The question of where the boundary between classical and quantum physics lies is one of the longest-standing pursuits of modern scientific research, and in new research published recently, scientists demonstrate a novel platform that could help us find an answer.

The laws of quantum physics govern the behavior of particles at miniscule scales, leading to phenomena such as quantum entanglement, where the properties of entangled particles become inextricably linked in ways that cannot be explained by classical physics.

Research in quantum physics helps us to fill gaps in our knowledge of physics and can give us a more complete picture of reality, but the tiny scales at which quantum systems operate can make them difficult to observe and study.

Over the past century, physicists have successfully observed quantum phenomena in increasingly larger objects, all the way from subatomic particles like electrons to molecules which contain thousands of atoms.

More recently, the field of levitated optomechanics, which deals with the control of high-mass micron-scale objects in vacuum, aims to push the envelope further by testing the validity of quantum phenomena in objects that are several orders of magnitude heavier than atoms and molecules. However, as the mass and size of an object increase, the interactions that result in delicate quantum features such as entanglement get lost to the environment, resulting in the classical behaviour we observe.

But now physicists have established a new approach to overcome this problem in an experiment carried out at ETH Zurich, published in the journal Nature Physics.

To observe quantum phenomena at larger scales and shed light on the classical-quantum transition, quantum features need to be preserved in the presence of noise from the environment. As you can imagine, there are two ways to do this; one is to suppress the noise, and the second is to boost the quantum features.

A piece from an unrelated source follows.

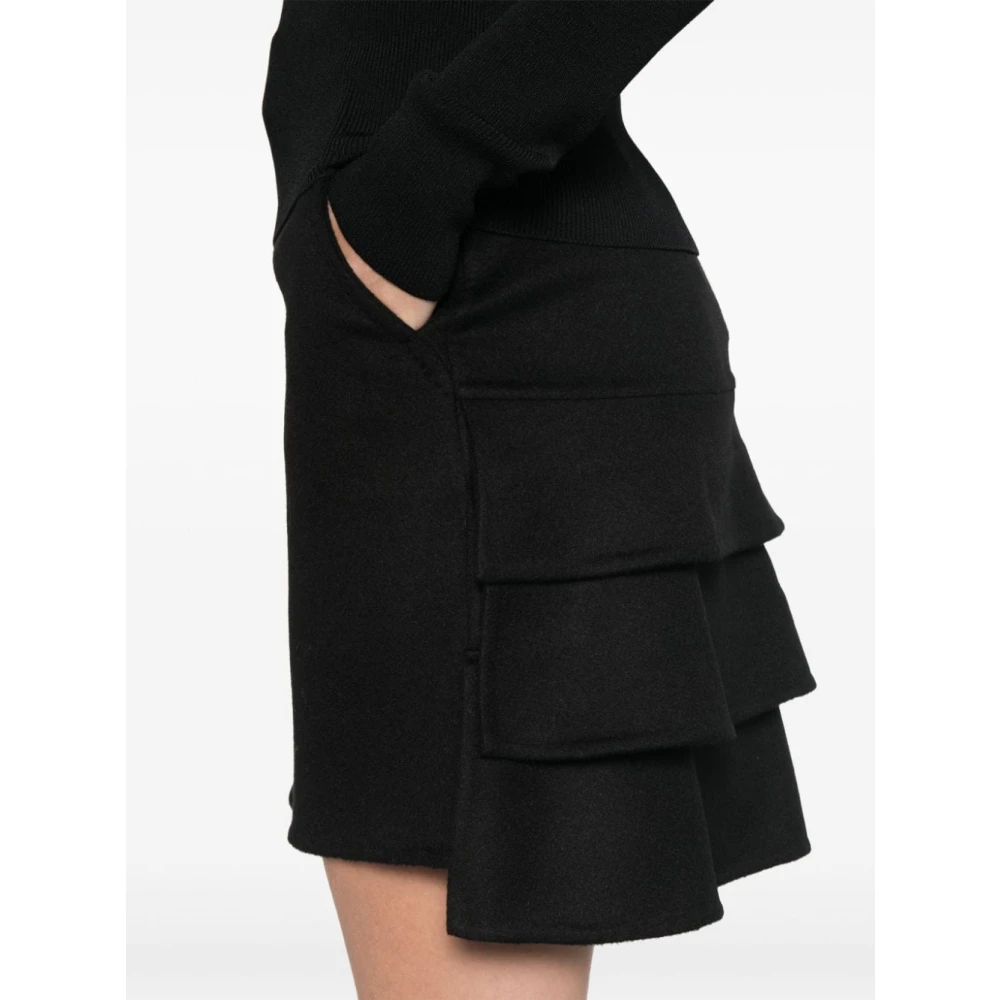 Max Mara Zwarte Geborstelde Rok Laagjes Details Black Dames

This new work demonstrates a way to tackle the challenge by taking the second approach. Scientists showed that the interactions needed for entanglement between two optically trapped 0.1-micron-sized glass particles can be amplified by several orders of magnitude to overcome losses to the environment.

The scientists placed the particles between two highly reflective mirrors which form an optical cavity. This way, the photons scattered by each particle bounce between the mirrors several thousand times before leaving the cavity, leading to a significantly higher chance of interacting with the other particle.

 Because the optical interactions are mediated by the cavity, its strength does not decay with distance, meaning physicists could couple micron-scale particles over several millimeters.

The researchers also demonstrate the remarkable ability to finely adjust or control the interaction strength by varying the laser frequencies and position of the particles within the cavity.

The findings represent a significant leap towards understanding fundamental physics, but also hold promise for practical applications, particularly in sensor technology that could be used towards environmental monitoring and offline navigation.

The key strength of levitated mechanical sensors is their high mass relative to other quantum systems using sensing. The high mass makes them well-suited for detecting gravitational forces and accelerations, resulting in better sensitivity. As such, quantum sensors can be used in many different applications in various fields, such as monitoring polar ice for climate research and measuring accelerations for navigation purposes.

Now, the team of researchers will combine the new capabilities with well-established quantum cooling techniques in a stride towards validating quantum entanglement. If successful, achieving entanglement of levitated nano- and micro-particles could narrow the gap between the quantum world and everyday classical mechanics.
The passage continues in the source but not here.